1.5.1Accuracy and discussion¶
1.6Question 6¶
Let $G$ be a group and $H$ a subgroup of $G$. Define a relation on elements of $G$ by saying that $a \sim b$ if $b^{-1}a \in H$. This relation is:
(a) reflexive and transitive, but transitive only if $G$ is abelian.
(b) reflexive and transitive, but symmetric only if $G$ is abelian.
(c) reflexive, symmetric, and transitive.

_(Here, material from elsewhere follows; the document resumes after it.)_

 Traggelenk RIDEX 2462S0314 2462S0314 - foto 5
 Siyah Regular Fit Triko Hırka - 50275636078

Let's investigate all the possible properties. Is it reflexive? Do we have that $a \sim a$? Well, $a^{-1}a = e$, and $e \in H$ because $H$ is a subgroup, so it is reflexive. (We already knew it was reflexive from the format of the question but it's nice to verify it anyways.) Is it symmetric? Well, $a \sim b$, then $\alpha b^{-1}a \in H$, and since $H$ is a subgroup, the inverse of $\alpha$ is also in $H$. So $\alpha^{-1} = (b^{-1}a)^{-1} = a^{-1}(b^{-1})^{-1} \in H$. But this just means that $b \sim a$.

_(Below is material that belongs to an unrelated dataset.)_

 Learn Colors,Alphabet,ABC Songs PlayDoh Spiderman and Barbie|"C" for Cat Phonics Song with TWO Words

Now let's look at transitivity. If $a \sim b$, then $\alpha = b^{-1}a \in H$, and if $b \sim c$, then $\beta = c^{-1}b \in H$. What can we then deduce about $c^{-1}a$? Well, $\beta \alpha \in H$ by closure, and $\beta\alpha = c^{-1}bb^{-2}a = c^{-1}a$ so yeah it's transitive whether or not $G$ is abelian.
So, (c).
1.6.1Accuracy and discussion¶
For showing that the relation is symmetric iff $G$ Abelian, how about this: If $a\sim b$, $b^{-1}a \in H$. Then by definition of a subgroup $(b^{-1}a)^{-1} = ba^{-1}\in H$. If $G$ abelian, this is equal to $a^{-1}b \in H$, so $b \sim a$. So if $G$ abelian the relation is symmetric. - @ikones
Nice catch, although I don't think $G$ even has to be abelian: http://crazyproject.wordpress.com/2010/03/22/alternate-characterization-of-cosets-as-equivalence-classes/ - @dellsystem
1.7Question 7¶
Let $p$ be prime number. Any two groups of order $p$ are isomorphic.
Yes.
1.7.1Accuracy and discussion¶
1.8Question 8¶
Transitive actions. Ignore.
1.9Question 9¶
The units of the ring $\mathbb C[\epsilon]$ are
(a) $\mathbb C \setminus \{0\}$.
(b) $\{a + b\epsilon: a, b \in \mathbb C, a \neq 0\}$.
(c) $\{1\}$.
(d) $\{b\epsilon: b\in \mathbb C, b \neq 0\}$.
A unit is an element with a multiplicative inverse. Some examples of elements with multiplicative inverses: 1, $1 + \epsilon$ (the inverse is $1 - \epsilon$). Some elements that don't have multiplicative inverses: $\epsilon$. Right away we can rule out (c) (since $1+\epsilon$ is a unit) and (d) (since $\epsilon$ is not a unit). So that leaves (a) and (b). (a) is obviously smaller than (b), and (a) doesn't include $1+\epsilon$ so it must be (b).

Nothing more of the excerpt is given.